Обезличка — термин, относящийся к порядку обслуживания железнодорожного транспорта. В 1930 была проведена «реформа обезличивания паровозов», вводящая «кратковременное пребывание на данном паровозе часто меняющихся паровозных машинистов». Но вскоре эта система, получив ругательное название «обезличка», была сочтена помехой развитию железнодорожного транспорта и отменена [см., например, ТД 03.1931,79] 1.
Недолгое господство этого нововведения отражено в вопросе огоньковской «Индустрианы»: «27. В чем заключается реформа «обезличивания паровозов»?» Ответ: «До реформы к каждому паровозу была прикреплена определенная бригада.
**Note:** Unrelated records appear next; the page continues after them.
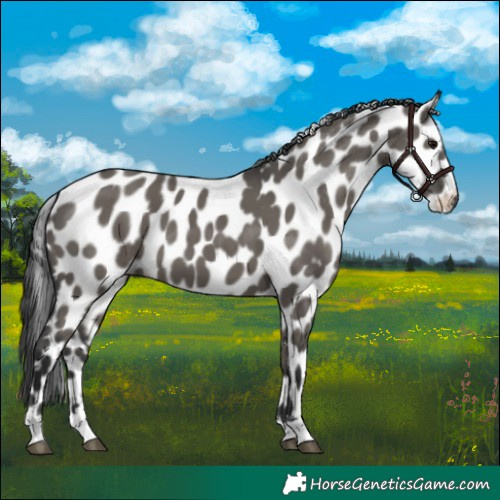 Horse Color:Grullo Appaloosa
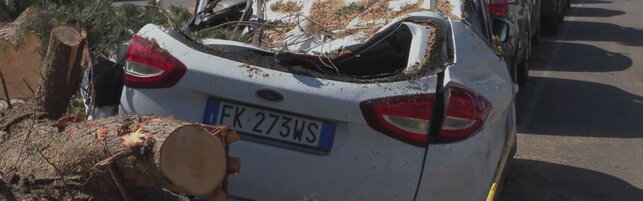 Tornado su Roma, gli alberi sradicati sotto le raffiche di oltre i 100 km/h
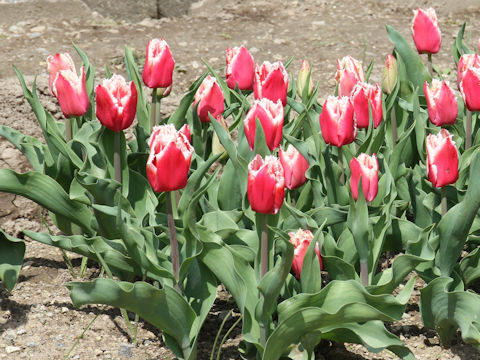 Tulipa cv. Canasta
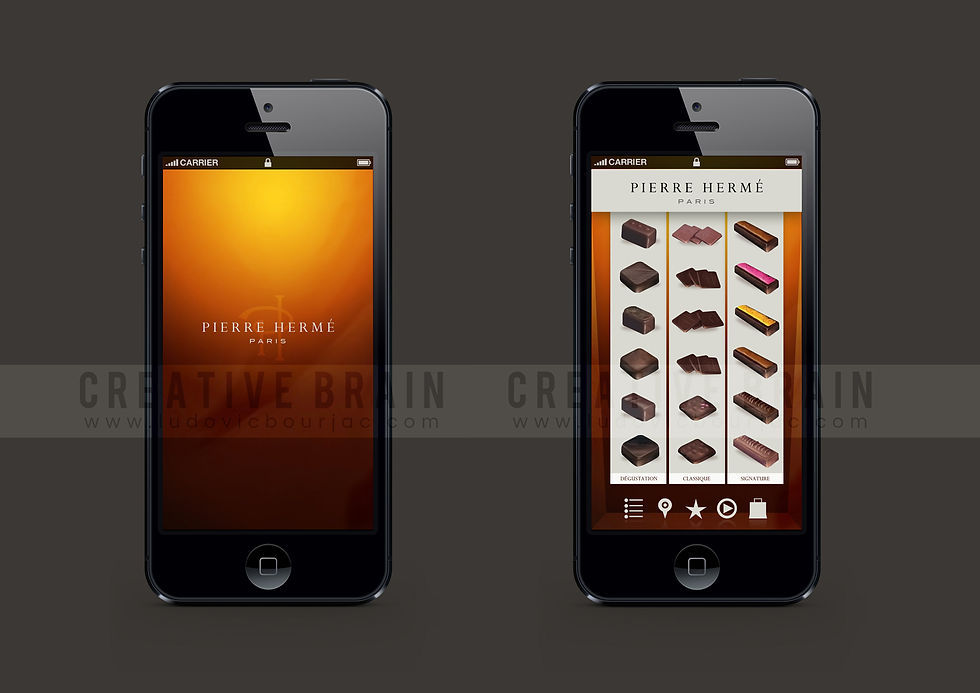 DESIGN SITE WEB PIERRE HERMÉ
Когда она отдыхала, отдыхал и паровоз. Реформа обезличивания значительно увеличила возможность эксплуатации паровозов» [Ог 20.06.30]. Как видим, в ЗТ отражен возврат к прежнему, «дореформенному» состоянию.
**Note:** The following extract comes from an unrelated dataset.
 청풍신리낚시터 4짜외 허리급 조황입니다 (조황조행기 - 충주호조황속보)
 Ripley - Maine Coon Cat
Бесхребетность — проработочный ярлык, наклеивавшийся, в частности, за либерализм и отсутствие четкой классово-партийной линии.
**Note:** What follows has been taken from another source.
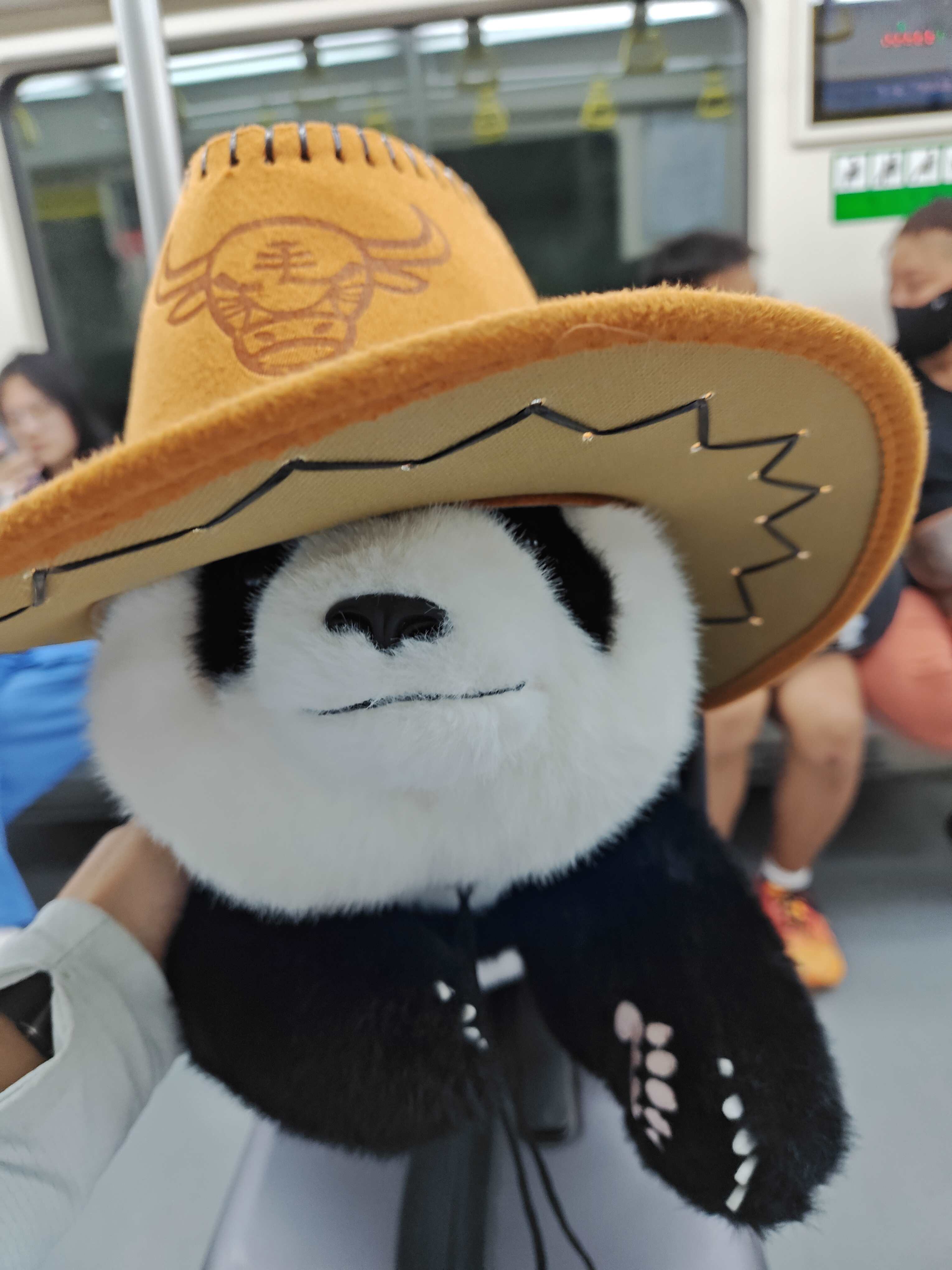 熊猫兄.jpg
Переверзевщина — литературоведческая школа Валериана Федоровича Переверзева (1882–1968), выводившая все аспекты художественного произведения из классового бытия автора. Влиятельная концепция Переверзева подверглась в 1929–1931 критике, в которой тон задавали рапповские круги. Журнал «На литературном посту» печатал статьи, громившие «переверзевскую ересь» из номера в номер. Ученому вменялись в вину ревизионизм, «меньшевистский объективизм», «отрицание классовой борьбы и действенной роли идеологии», вульгарный социологизм и др. «Разоблачение и критическое преодоление литературоведческой системы В. Ф. Переверзева становится важной очередной задачей марксистско-ленинской мысли», — писала «Литературная газета» в апреле 1930 [В. Ермилов, Наши творческие разногласия, Нелитературном посту 13–14.1930; А. Прозоров, Воинствующая переверзевщина, там же; Против механистического литературоведения, М., 1930; Переверзевщина и творческие пути пролетарской литературы, М., 1931, и ми. др.].
(д) поголовным вступлением в ряды общества «Долой рутину с оперных подмостков»… — О лозунгах «долой» см. ЗТ 4//11. Опера подвергалась в 20-е гг. нападкам за консерватизм, за нежелание ответить на социальный заказ, изжить штампы, обновить репертуар и стиль, за потворство чуждым вкусам — не случайно любит оперу булгаковский профессор Преображенский, вся фигура которого построена как вызов советским установкам.
Начало антиоперной кампании положил В. И. Ленин, сказавший о Большом театре: «А все-таки это кусок чисто помещичьей культуры, и против этого никто спорить не может». В 1921–1922 Ленин настаивал на закрытии Большого театра. Желательность его ликвидации оправдывали как эстетическими, так и экономическими резонами; воинствующий ленинец Ю. Ларин, например, ставил в упрек Большому театру, что тот «ежемесячно съедает оклады четырех тысяч учителей и учительниц РСФСР». Большой театр, в особенности оперная его часть, характеризовался как отсталый, «заплывший салом консерватизма». Его творческие работники клеймились в печати почти теми же эпитетами, что и буржуазные враги или отечественные вредители: «пресловутый Голованов», «небезызвестный Голейзовский», «люди, чуждые современности», «душители всех новых начинаний» и т. п. Рассказывая о поездке в Москву, делегат 1-го Всесоюзного съезда селькоров писал: «Ив театры попали: везде понравилось, только скучно в Большом — чужды селькору золотопогонники и буржуазные дуэли».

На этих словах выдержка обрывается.